>>>
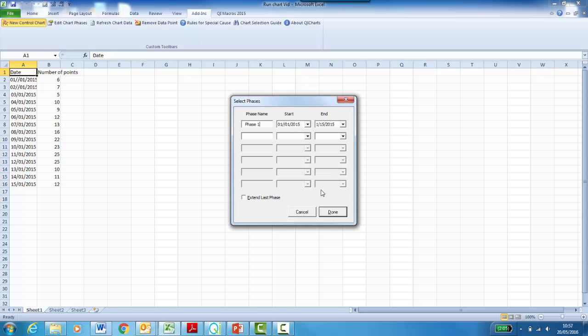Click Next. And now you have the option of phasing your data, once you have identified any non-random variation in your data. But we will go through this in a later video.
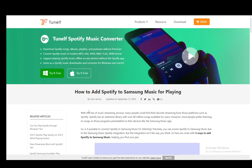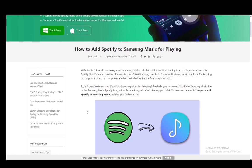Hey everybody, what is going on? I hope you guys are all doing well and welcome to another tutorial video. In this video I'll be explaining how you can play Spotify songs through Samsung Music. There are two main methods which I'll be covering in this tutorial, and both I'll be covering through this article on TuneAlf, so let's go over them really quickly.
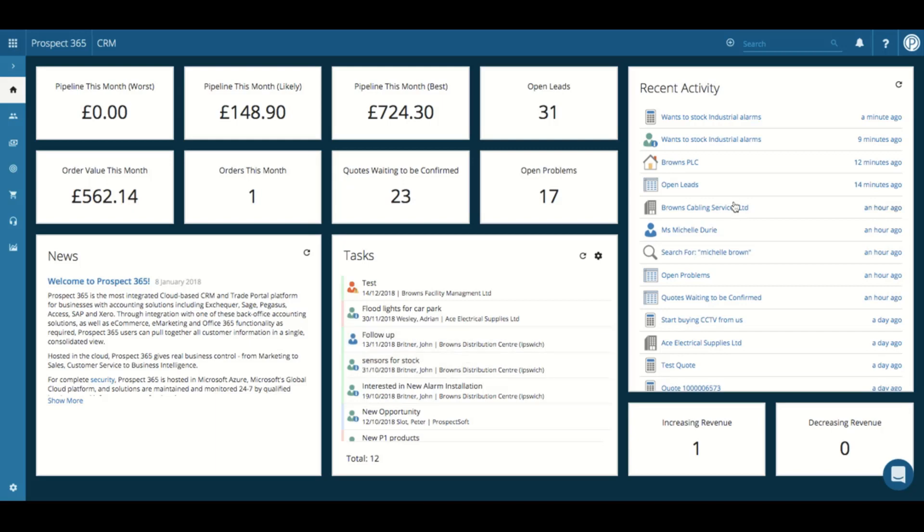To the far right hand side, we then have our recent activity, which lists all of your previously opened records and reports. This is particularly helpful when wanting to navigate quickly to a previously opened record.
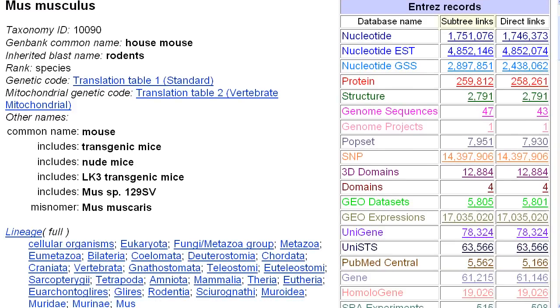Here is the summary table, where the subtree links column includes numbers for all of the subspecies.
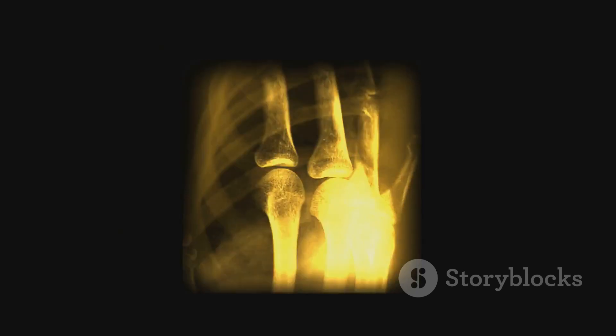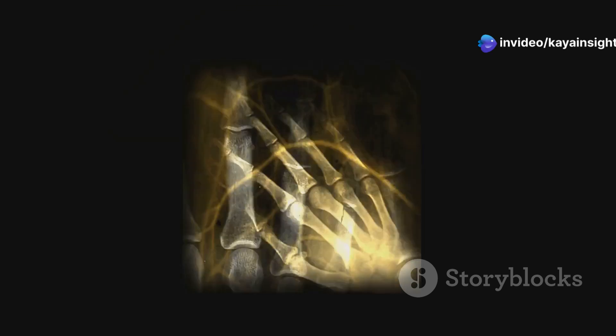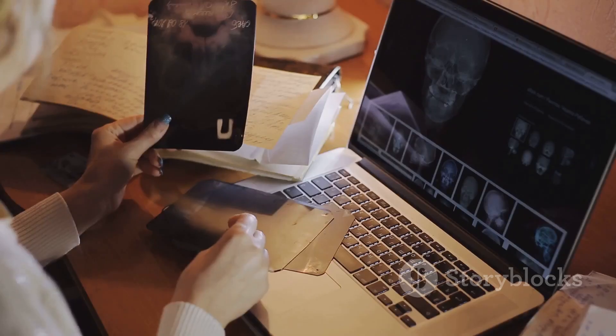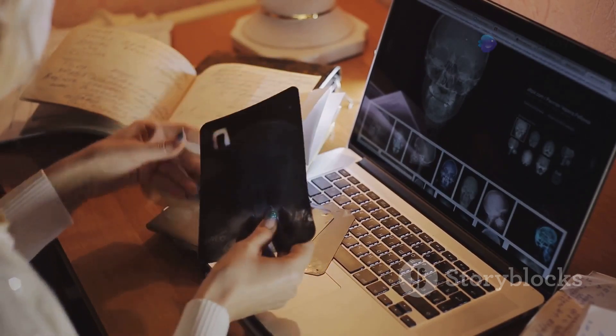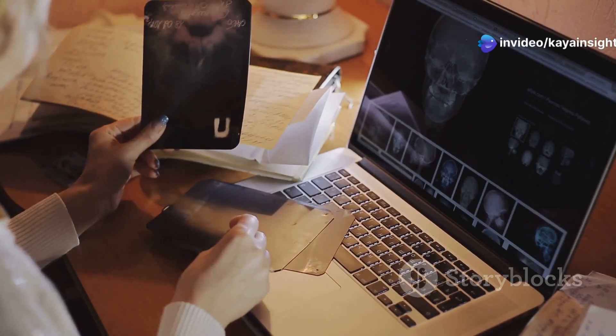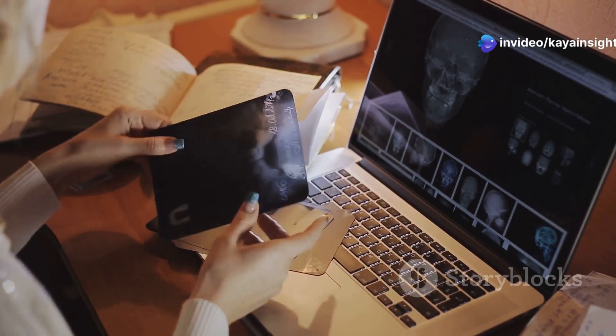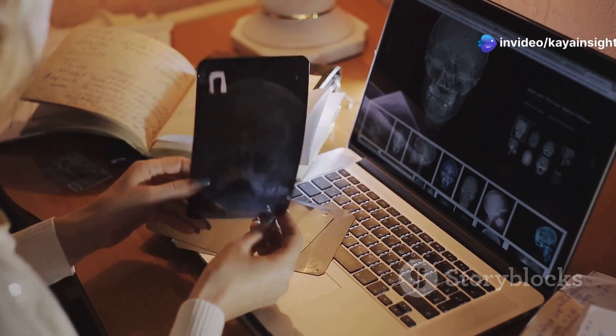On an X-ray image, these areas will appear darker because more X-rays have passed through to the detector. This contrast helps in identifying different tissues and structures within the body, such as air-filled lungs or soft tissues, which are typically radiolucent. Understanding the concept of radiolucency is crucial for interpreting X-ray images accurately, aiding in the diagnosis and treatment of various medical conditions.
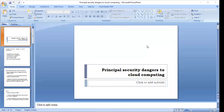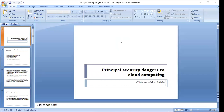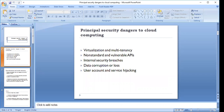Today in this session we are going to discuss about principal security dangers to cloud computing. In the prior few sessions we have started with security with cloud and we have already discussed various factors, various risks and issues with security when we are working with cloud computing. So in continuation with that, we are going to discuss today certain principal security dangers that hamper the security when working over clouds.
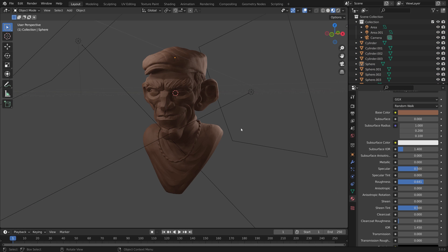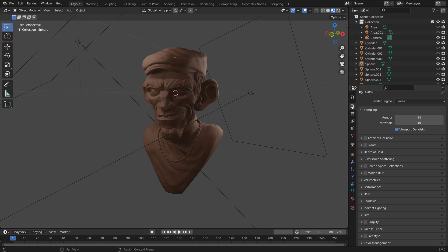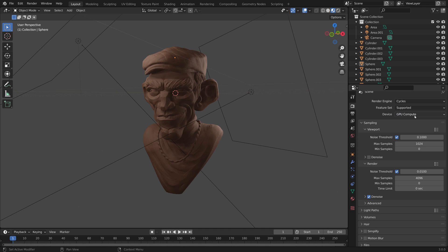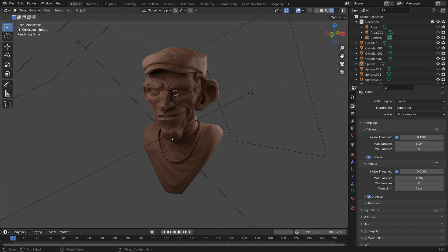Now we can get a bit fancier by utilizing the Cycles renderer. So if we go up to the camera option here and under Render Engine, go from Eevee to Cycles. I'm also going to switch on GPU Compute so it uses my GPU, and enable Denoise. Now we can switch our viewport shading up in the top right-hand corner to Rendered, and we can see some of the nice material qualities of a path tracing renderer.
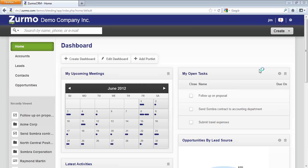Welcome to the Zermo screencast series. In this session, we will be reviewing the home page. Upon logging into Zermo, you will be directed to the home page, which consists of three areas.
<<<
• WORK REQUIRED:
Everything in the data above, apart from the pictures, should be retyped exactly.

• SOLUTION TO THE EXERCISE:
Click Next. And now you have the option of phasing your data, once you have identified any non-random variation in your data. But we will go through this in a later video.
Hey everybody, what is going on? I hope you guys are all doing well and welcome to another tutorial video. In this video I'll be explaining how you can play Spotify songs through Samsung Music. There are two main methods which I'll be covering in this tutorial, and both I'll be covering through this article on TuneAlf, so let's go over them really quickly.
To the far right hand side, we then have our recent activity, which lists all of your previously opened records and reports. This is particularly helpful when wanting to navigate quickly to a previously opened record.
Here is the summary table, where the subtree links column includes numbers for all of the subspecies.
On an X-ray image, these areas will appear darker because more X-rays have passed through to the detector. This contrast helps in identifying different tissues and structures within the body, such as air-filled lungs or soft tissues, which are typically radiolucent. Understanding the concept of radiolucency is crucial for interpreting X-ray images accurately, aiding in the diagnosis and treatment of various medical conditions.
Today in this session we are going to discuss about principal security dangers to cloud computing. In the prior few sessions we have started with security with cloud and we have already discussed various factors, various risks and issues with security when we are working with cloud computing. So in continuation with that, we are going to discuss today certain principal security dangers that hamper the security when working over clouds.
Now we can get a bit fancier by utilizing the Cycles renderer. So if we go up to the camera option here and under Render Engine, go from Eevee to Cycles. I'm also going to switch on GPU Compute so it uses my GPU, and enable Denoise. Now we can switch our viewport shading up in the top right-hand corner to Rendered, and we can see some of the nice material qualities of a path tracing renderer.
Welcome to the Zermo screencast series. In this session, we will be reviewing the home page. Upon logging into Zermo, you will be directed to the home page, which consists of three areas.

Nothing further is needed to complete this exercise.